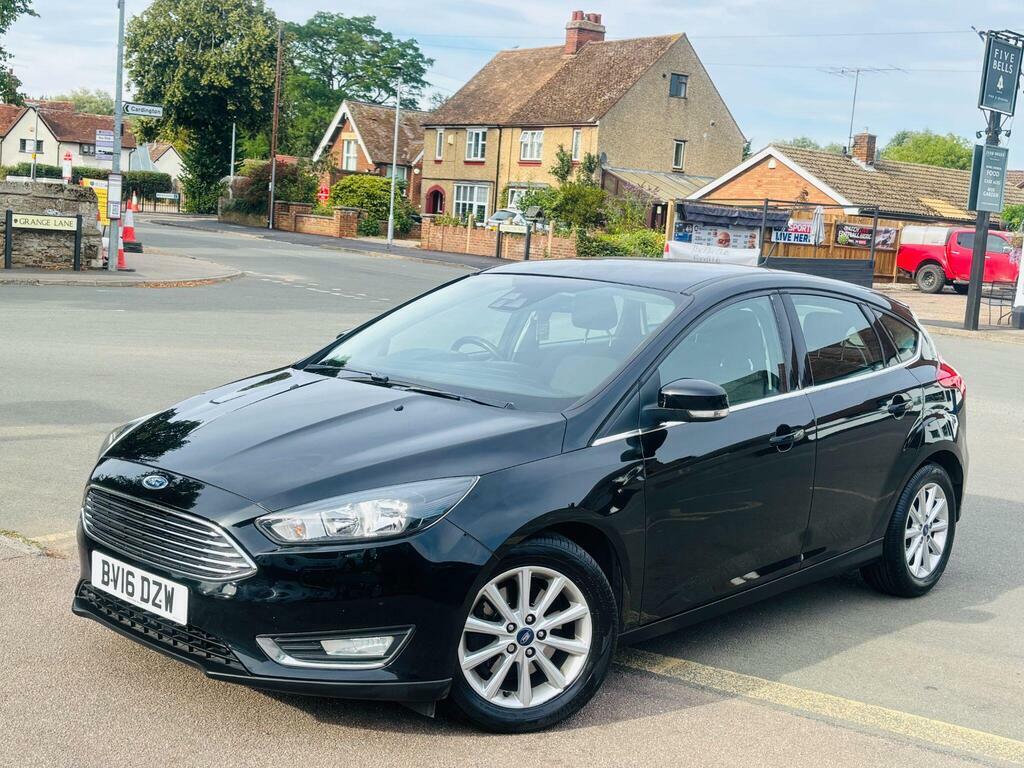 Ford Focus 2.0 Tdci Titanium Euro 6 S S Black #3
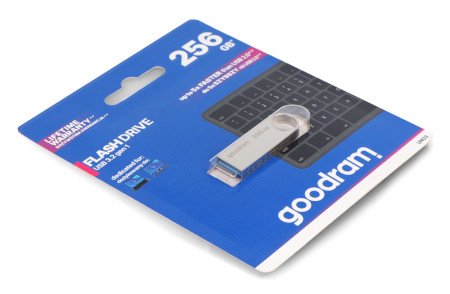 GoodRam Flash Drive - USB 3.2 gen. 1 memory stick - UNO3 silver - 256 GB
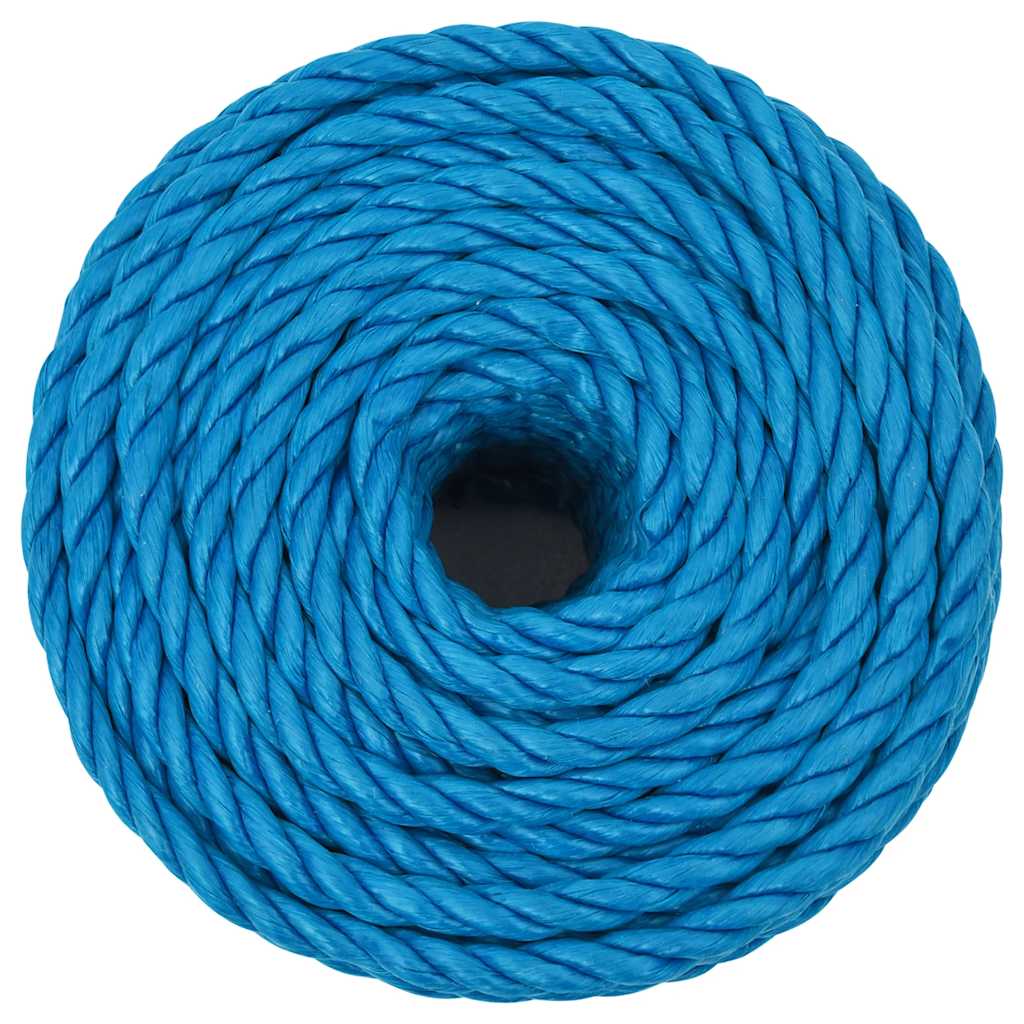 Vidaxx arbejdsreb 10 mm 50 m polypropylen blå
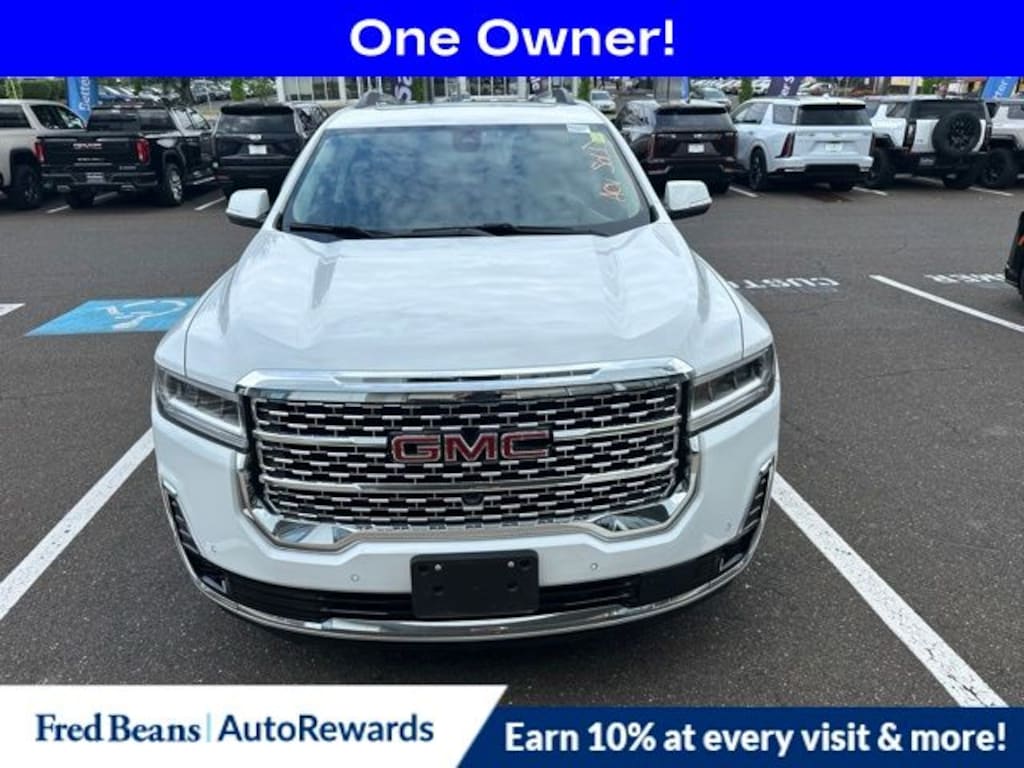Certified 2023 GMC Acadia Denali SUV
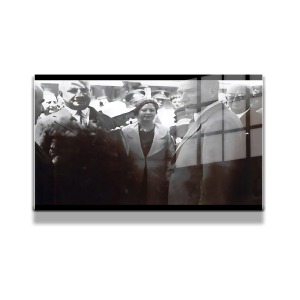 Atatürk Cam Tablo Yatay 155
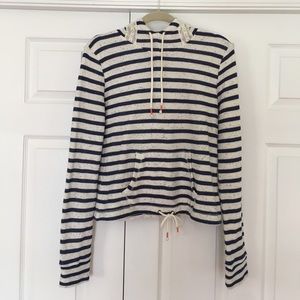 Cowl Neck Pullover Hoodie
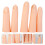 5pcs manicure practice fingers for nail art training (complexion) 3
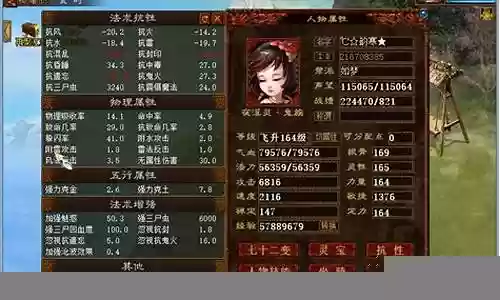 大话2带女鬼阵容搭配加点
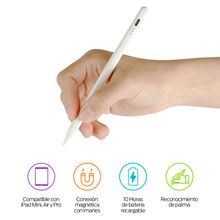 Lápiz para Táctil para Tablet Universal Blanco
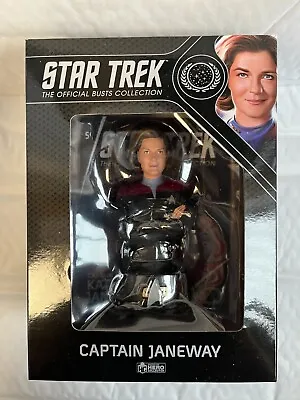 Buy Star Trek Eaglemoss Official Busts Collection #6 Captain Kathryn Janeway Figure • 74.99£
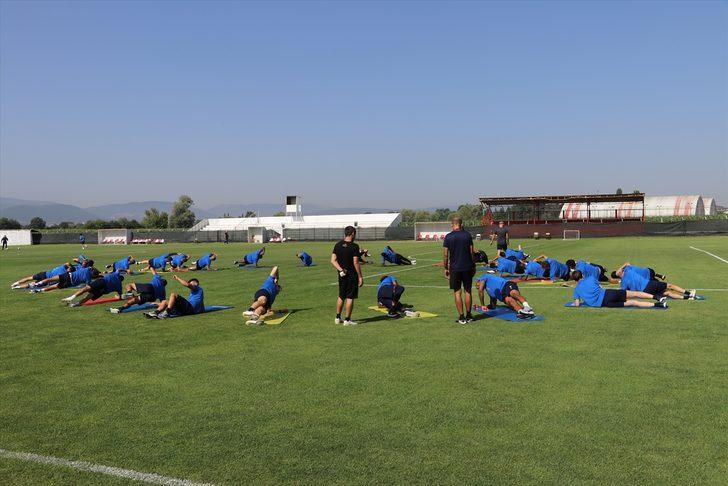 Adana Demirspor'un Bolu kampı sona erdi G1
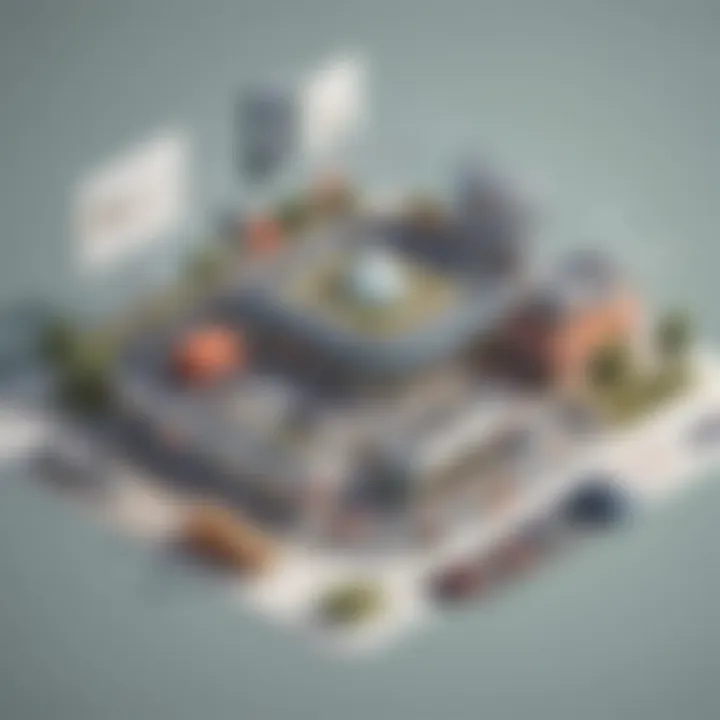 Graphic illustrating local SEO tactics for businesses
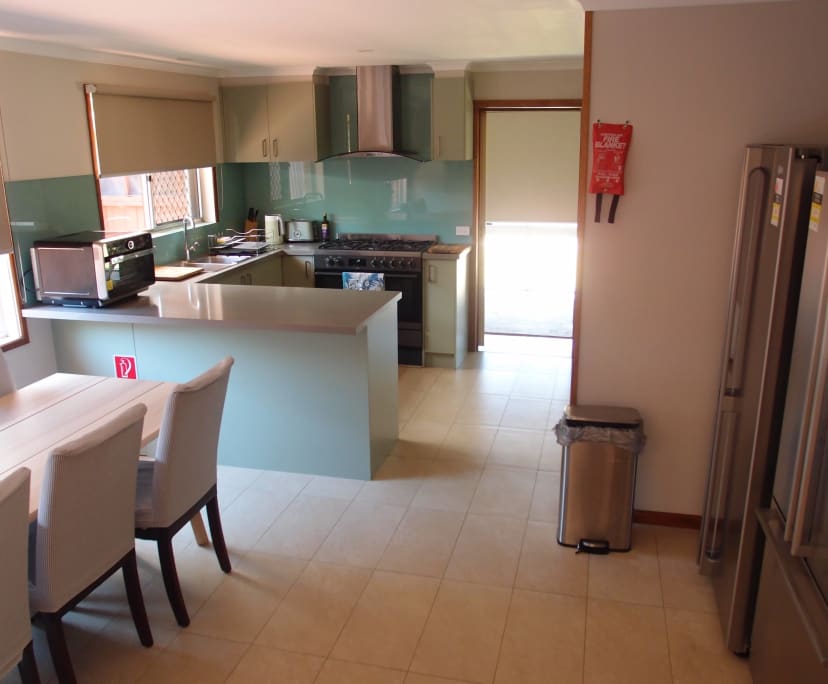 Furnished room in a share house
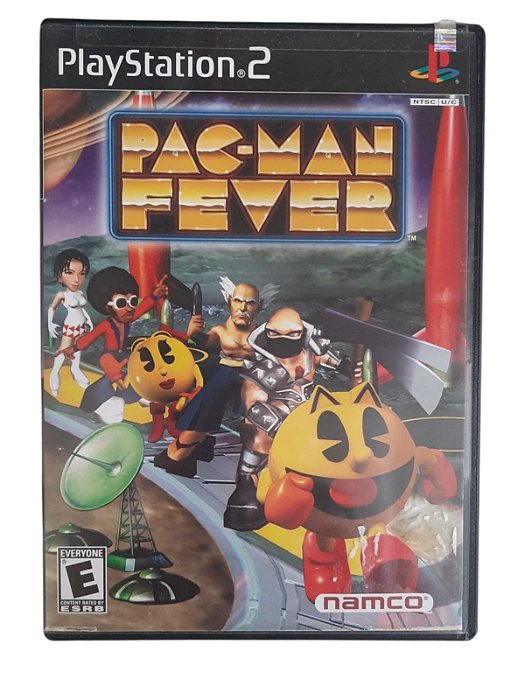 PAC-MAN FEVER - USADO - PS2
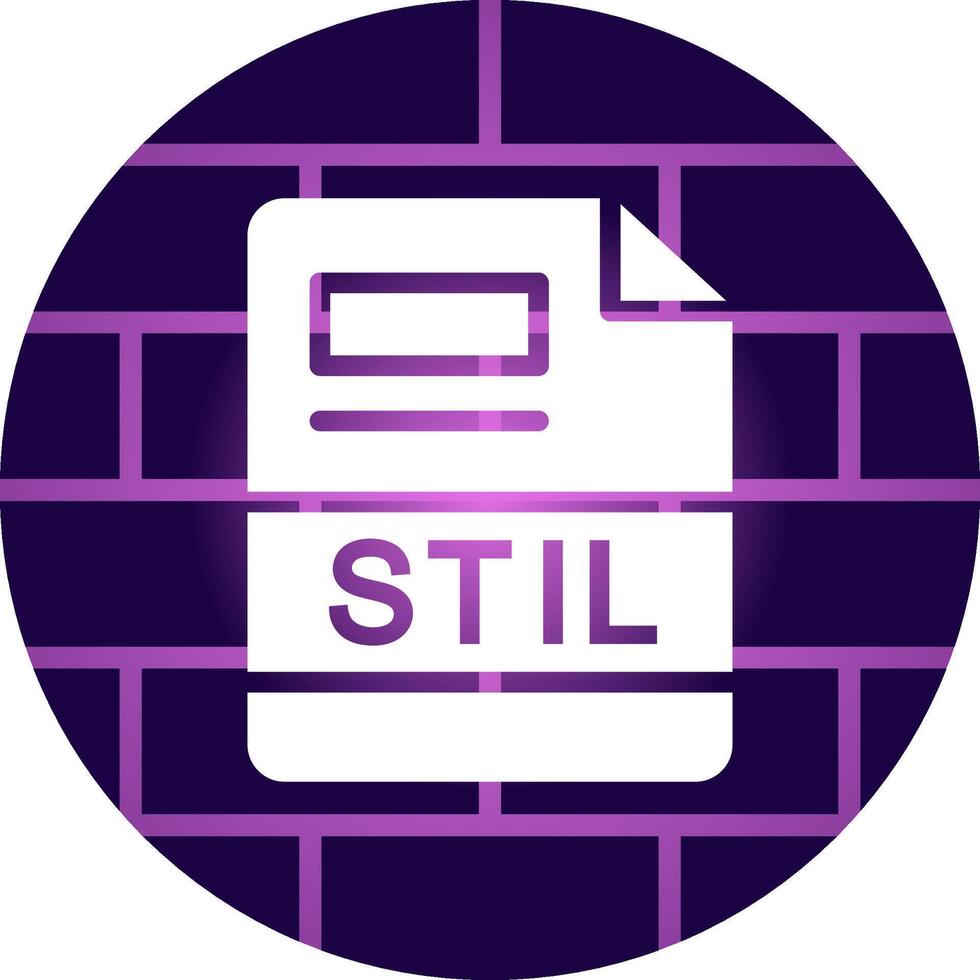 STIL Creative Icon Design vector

● **Required action**
For this copy, leave pictures out and reproduce the lines from the one bearing "5pcs manicure practice" through the final line of the listing above, both ends included.

● **Answer space**
 5pcs manicure practice fingers for nail art training (complexion) 3
 大话2带女鬼阵容搭配加点
 Lápiz para Táctil para Tablet Universal Blanco
 Buy Star Trek Eaglemoss Official Busts Collection #6 Captain Kathryn Janeway Figure • 74.99£
 Adana Demirspor'un Bolu kampı sona erdi G1
 Graphic illustrating local SEO tactics for businesses
 Furnished room in a share house
 PAC-MAN FEVER - USADO - PS2
 STIL Creative Icon Design vector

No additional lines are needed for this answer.